──────── Supplied records ────────

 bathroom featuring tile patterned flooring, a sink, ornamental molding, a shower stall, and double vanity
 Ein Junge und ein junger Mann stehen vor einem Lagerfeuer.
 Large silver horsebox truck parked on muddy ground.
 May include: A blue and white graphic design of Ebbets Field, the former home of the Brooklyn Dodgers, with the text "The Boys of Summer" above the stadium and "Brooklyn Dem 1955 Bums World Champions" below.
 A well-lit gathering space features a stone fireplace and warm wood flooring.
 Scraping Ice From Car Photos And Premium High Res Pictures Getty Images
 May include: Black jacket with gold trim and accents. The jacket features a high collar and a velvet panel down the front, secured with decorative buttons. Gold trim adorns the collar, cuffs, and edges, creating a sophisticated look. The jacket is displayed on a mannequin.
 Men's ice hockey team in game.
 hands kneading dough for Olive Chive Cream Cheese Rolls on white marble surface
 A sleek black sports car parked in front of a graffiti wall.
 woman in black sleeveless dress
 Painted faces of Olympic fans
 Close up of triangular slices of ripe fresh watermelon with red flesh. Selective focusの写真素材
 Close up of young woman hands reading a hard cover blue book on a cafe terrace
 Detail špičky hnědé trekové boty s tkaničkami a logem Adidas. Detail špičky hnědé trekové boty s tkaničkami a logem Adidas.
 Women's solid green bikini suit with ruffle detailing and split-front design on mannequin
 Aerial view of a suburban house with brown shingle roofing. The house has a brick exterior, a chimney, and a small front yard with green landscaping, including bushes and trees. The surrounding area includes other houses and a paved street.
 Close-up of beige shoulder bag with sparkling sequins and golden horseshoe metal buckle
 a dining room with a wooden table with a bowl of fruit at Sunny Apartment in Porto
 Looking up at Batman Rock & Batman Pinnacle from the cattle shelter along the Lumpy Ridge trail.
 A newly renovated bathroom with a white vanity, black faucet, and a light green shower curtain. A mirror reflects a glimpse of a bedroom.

────────

• [About this exercise]: Look through the entries above and find each line where the word "front" occurs; copy those lines.

• [Solved problem]:
 May include: Black jacket with gold trim and accents. The jacket features a high collar and a velvet panel down the front, secured with decorative buttons. Gold trim adorns the collar, cuffs, and edges, creating a sophisticated look. The jacket is displayed on a mannequin.
 A sleek black sports car parked in front of a graffiti wall.
 Women's solid green bikini suit with ruffle detailing and split-front design on mannequin
 Aerial view of a suburban house with brown shingle roofing. The house has a brick exterior, a chimney, and a small front yard with green landscaping, including bushes and trees. The surrounding area includes other houses and a paved street.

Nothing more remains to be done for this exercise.